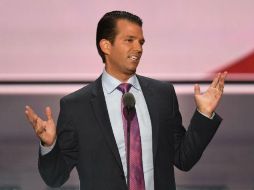 Las circunstancias que rodean la reunión entre Trump Jr. y la abogada rusa generan nuevos interrogantes sobre la posible interferencia. AFP / ARCHIVO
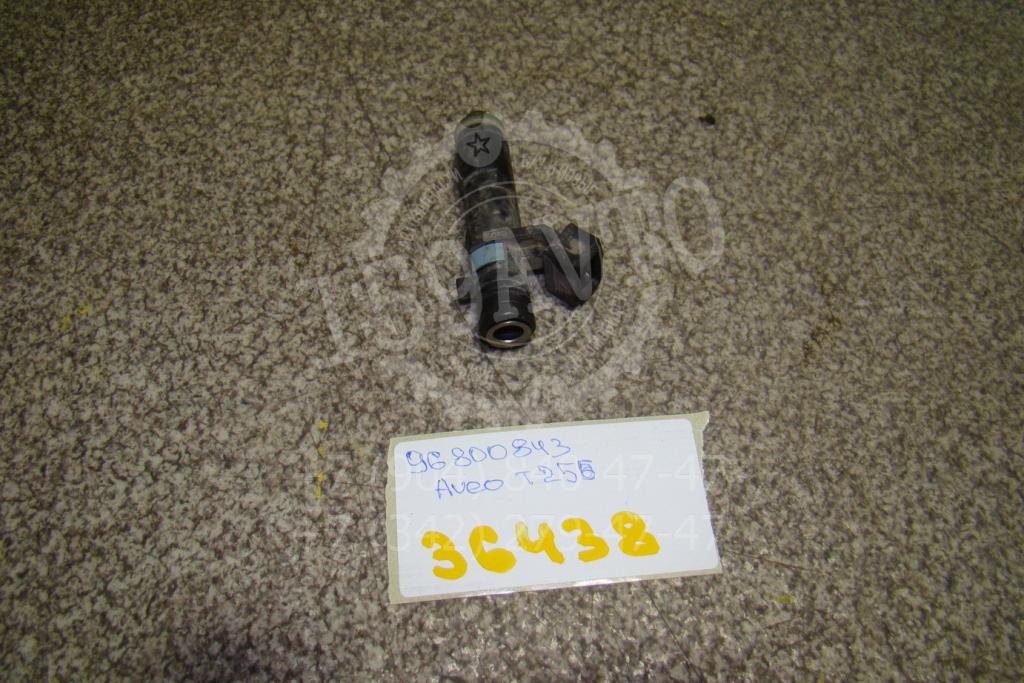 Форсунка топливная, 1100 рублей, Пермь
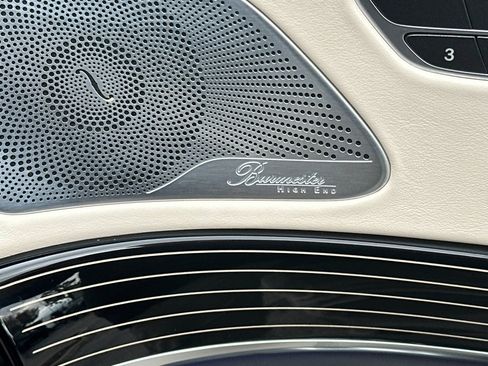 Used 2018 Mercedes-Benz Maybach S 650 image 16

_Exercise description_: From the line containing "Форсунка топливная, 1100 рублей, Пермь" to the end of the listing, restate each line word for word and nothing more; the pictures stay out.

_Output for this task_:
 Форсунка топливная, 1100 рублей, Пермь
 Used 2018 Mercedes-Benz Maybach S 650 image 16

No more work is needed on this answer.